Just wanted to mention a few things I’ve figured out from playing with the camera. You may already know all this, but I wanted to pass it on just in case.

1. Pan and zoom buttons can be held down to increase the amount of the adjustment. The arrow buttons for panning the camera left, right, up, and down, as well as the ‘+’ and ‘-‘ zoom buttons, can be held down, rather than merely clicked. If you hold the mouse button down longer, the amount of the pan, or zoom, continues to increase until you release the button. This is handy for things like scanning across a landscape; until I figured this out I’d just click the pan button to scoot over a little bit, then click again to scoot a little more. Now I can move the rectangle all the way over to a fresh position adjoining the area previously scanned, covering a lot of ground relatively efficiently.

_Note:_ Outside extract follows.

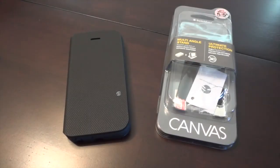Hey everybody and welcome to a new Wheel Wired mobile accessory review. Today I'm doing a review on a new SwitchEasy case. It's been a while since I've reviewed a SwitchEasy product so I'm pretty excited. This one actually really excited me. This is the SwitchEasy Canvas for the iPhone 5/5s.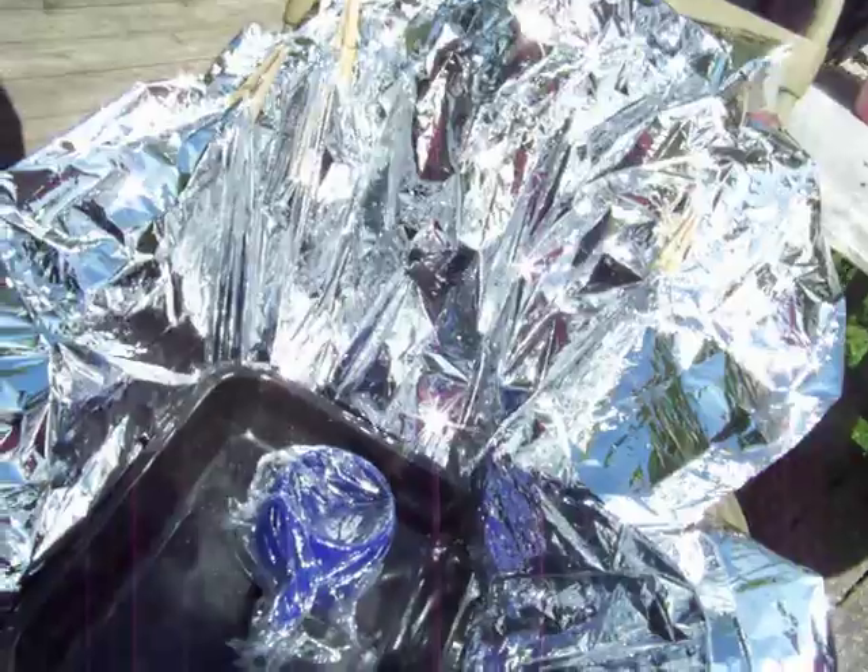Here I just have a Mylar blanket sitting in a lawn chair on a frame to hold it in place. I can't really get in there to show you better, but the water is starting to simmer. It's got bubbles in there, even inside at the bottom, not just on the lid, and it's hot to the touch.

2. The colors of the preview rectangles correlate with the colors of the usernames in the “Online” box. By comparing the color of the rectangles in the positioning panorama with the colors of the listed usernames, you can tell who’s voting to position the camera where. I’m not sure how useful that is, but it lets you grumble more specifically when you’re in a pointing war with someone. “Look at the birdbath!” “No, look at the feeders!” “No, zoom in on the third leaf from the left in that tree over there!” Grr.

3. Pointing is collaborative, rather than via a queue. This leads me to my final item. A lot of the time, it seems like people are taking turns positioning the camera. One person draws a rectangle, there’s a pause, and the camera goes there. Someone else draws a rectangle, pause, and the camera goes there. It feels like we’re taking turns, and as long as only one person is drawing a rectangle between successive “beats” of the system, that is indeed what’s happening.

But the pointing algorithm is more sophisticated than that. I spent some time today reading through the PDFs in the “Related Publications” section of the CONE site, and although I got lost in the math pretty quickly, the gist of it is that when multiple pointing requests are received during the same beat, the software controlling the camera does its best to figure out the pan and zoom that will make the largest number of users happy.

It’s not just an average of all the inputs; that would be stupid, since one person trying to look at the feeders and another trying to look at the birdbath would result in the camera pointing to no-man’s-land in between. And it’s not just a rectangle that encompasses as many of the users’ rectangles as possible, since that would likewise be stupid: Users are requesting a particular zoom factor for a reason, and giving a zoomed-out view that encompasses two zoomed-in requests isn’t going to make either user happy.

Instead, the camera says, okay; how can I make the largest number of users happy? Then it does that.

(From Dezhen Song and Ken Goldberg’s Networked Robotic Cameras for Collaborative Observation of Natural Environments — 480K PDF file.)

The cool thing about this is approach is how well it scales. With a queue, having too many users seriously degrades the experience. But with this approach, there’s actually the possibility that the user experience will get better as the number of users increases. It’s that wisdom of crowds thing. Individually we’re stupid, but collectively we can be pretty smart, and having a means of polling everyone in real-time means the dummies get out-voted.

In practical terms, what this means for me is that I shouldn’t treat camera pointing as a queue, at least not when it’s important. Most of the time I’m happy to let someone else drive. But when there’s something specifically going on that I really want to see, I should be in there drawing rectangles for all I’m worth. And the rest of you should be, too. Don’t wait for your “turn”. Just go for it, and let the software figure it out.